Кроме мадам Паяр, я познакомилась и подружилась в Сочи с американцем-фермером. Мы много с ним гуляли, вместе обедали. Он поразил меня высоким культурным уровнем. Узнав, что я работала по народному образованию, он с большим интересом расспрашивал меня, как прошла у нас ликвидация неграмотности и как строится работа в школах. Первые дни нам было трудно понимать друг друга, бывали случаи, что приходилось прибегать к карандашу и бумаге, а потом дело пошло.
Познакомилась я также с женщиной-скульптором, приглашенной для выполнения ряда работ по украшению курорта. Моя двоюродная сестра Н.И. Рейц, тоже проводившая лето в Сочи, зашла как-то ко мне и застала у меня на веранде целое общество. Она писала об этом визите своей семье: «Женя по обыкновению и здесь окружила себя интересными людьми...».
Совершая обратный путь, я опять очутилась одна в четырехместном купе с отдельной уборной и была очень счастлива. «Вот, – думаю, – как везет». Но не тут-то было. Прошло несколько часов, и ко мне вошел гражданин с чемоданом – главное к ночи, когда так стесняет присутствие человека другого пола. Мы улеглись.

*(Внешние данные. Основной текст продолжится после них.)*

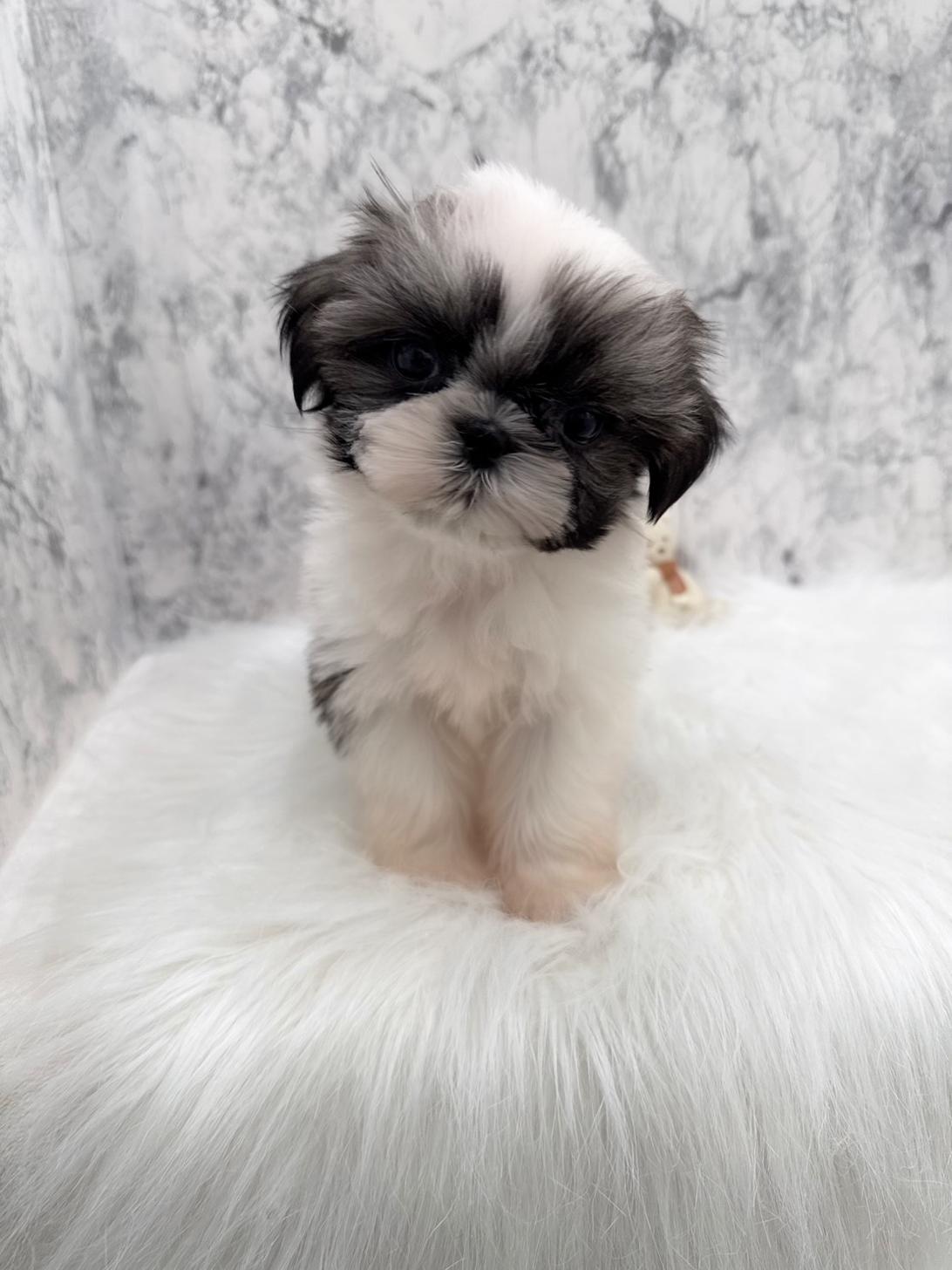埼玉県のシーズー (PETSHOP FATIS/2025年10月14日生まれ/女の子/ホワイトゴールド)の子犬の1枚目の画像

Я очень боялась, что мой спутник захрапит, тогда конец моему и без того плохому, тревожному сну. Я еще не успела задремать, как наш вагон встряхнуло с такой силой, что опрокинулась банка с цветами мадам Паяр, стоявшая на столике около окна. При слабом свете ночника я встала, чтобы привести в порядок букет. Ровное дыхание моего соседа убедило меня, что он умеет спать без храпа. Но все-таки не без злорадства я увидела, что вода из букета вылилась прямехонько в его туфли. Вот будет ему сюрприз, когда он проснется! Не знаю, как он обошелся с туфлями, но мы с ним хорошо провели вместе целый день и очень подружились. Главное, оказались старыми знакомыми. Он был как-то по делу в Ленинградском Губграмчека, и, хотя с тех пор прошло десять лет, сразу узнал меня. Директор какого-то крупного завода на юге, он ехал по экстренному вызову в Москву. Этот вызов его очень беспокоил. Мне он показался человеком сухим и деловым.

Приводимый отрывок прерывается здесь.